Exercise data:

- - - -

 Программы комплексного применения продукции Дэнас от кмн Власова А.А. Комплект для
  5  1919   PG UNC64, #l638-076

- - - -

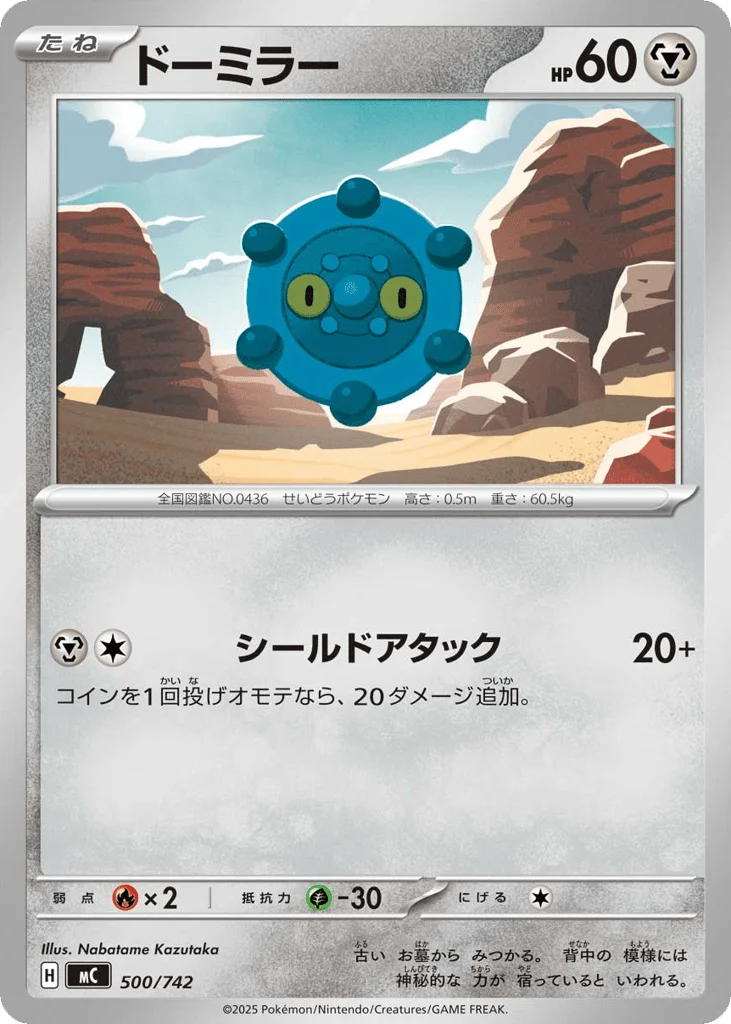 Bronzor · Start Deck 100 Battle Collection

- - - -

In the entries above, please find the line with "Программы комплексного применения" and the line with "PG UNC64, #l638-076", then write out exactly those two lines and every line between them, and nothing more.

 Программы комплексного применения продукции Дэнас от кмн Власова А.А. Комплект для
  5  1919   PG UNC64, #l638-076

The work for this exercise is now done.